HivisionIDPhotos: AI-Powered ID Photo Generator

A lightweight, offline-capable AI tool for automatic ID photo generation with portrait matting, background replacement, and layout photo creation.

  1. Step 1

    Project Overview

    HivisionIDPhotos is an intelligent algorithm system for producing ID photos. It uses AI models for face detection, portrait matting, and automatic photo adjustments to generate standard ID photos from user images.

    Key capabilities:

    • Lightweight matting (purely offline, CPU-only inference)
    • Generates standard ID photos and layout photos in various sizes
    • Supports pure offline or edge-cloud inference
    • Multiple matting model options for different use cases
    • FastAPI and Gradio interfaces for API and web usage
  2. Step 2

    Environment Requirements

    Ensure your system meets the following requirements before installation:

    • Python: >= 3.7 (primarily tested on Python 3.10)
    • Operating System: Linux, Windows, or macOS
    • Memory: At least 4GB RAM (16GB+ recommended for beast mode)
    • Disk Space: ~500MB for the project and model weights
    python --version
    # Should be 3.7 or higher
  3. Step 3

    Clone the Repository

    Clone the HivisionIDPhotos repository from GitHub:

    git clone https://github.com/Zeyi-Lin/HivisionIDPhotos.git
    cd HivisionIDPhotos
  4. Step 4

    Set Up Python Virtual Environment

    Create and activate a Python virtual environment.
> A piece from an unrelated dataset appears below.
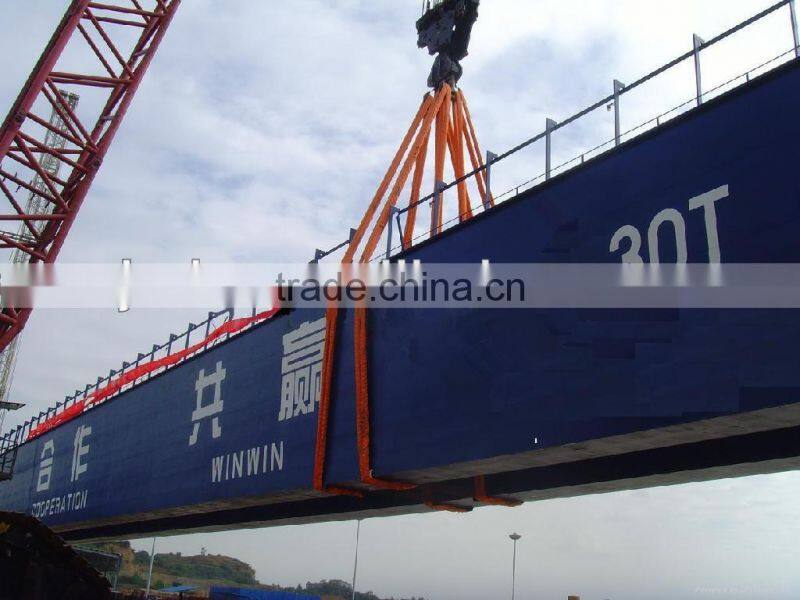 4T Polyester Endless Lifting Sling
Using conda or venv is recommended to isolate dependencies.

    # Using conda (recommended)
    conda create -n hivision python=3.10
    conda activate hivision
    
    # Or using venv
    python -m venv hivision_env
    source hivision_env/bin/activate  # On Linux/macOS
    # source hivision_env\Scripts\activate  # On Windows
  5. Step 5

    Install Dependencies

    Install the core dependencies and application dependencies. The project is split into base requirements (core functionality) and app requirements (Gradio/FastAPI for web interface).

    pip install -r requirements.txt
    pip install -r requirements-app.txt
  6. Step 6

    Download Model Weights

    The project requires pre-trained model weights for matting and face detection. You can either download them using a script or manually.

    # Method 1: Use the download script
    python scripts/download_model.py --models all
    
    # Method 2: Download manually and place in hivision/creator/weights/
  7. Step 7

    Manual Model Download (Optional)

    If the download script does not work, download these models manually and save them to hivision/creator/weights/:

    | Model File | Size | Source | Description | |---|---|---|---| | modnet_photographic_portrait_matting.onnx | 24.7MB | MODNet | Official matting weights | | hivision_modnet.onnx | 24.7MB | Release | Improved matting for color backgrounds | | rmbg-1.4.onnx | 176.2MB | BRIA AI | High-quality matting | | birefnet-v1-lite.onnx | 224MB | BiRefNet | Best-quality matting, GPU required

    ⚠ Heads up: At least one matting model is required to run the project. HIVISION_MODNET is the default and recommended for CPU-only inference.
  8. Step 8

    Face Detection Model Setup (Optional)

    By default, the project uses MTCNN for face detection (offline, fast, works on CPU). You can also use RetinaFace (higher accuracy, slower CPU) or Face++ (online API, highest accuracy).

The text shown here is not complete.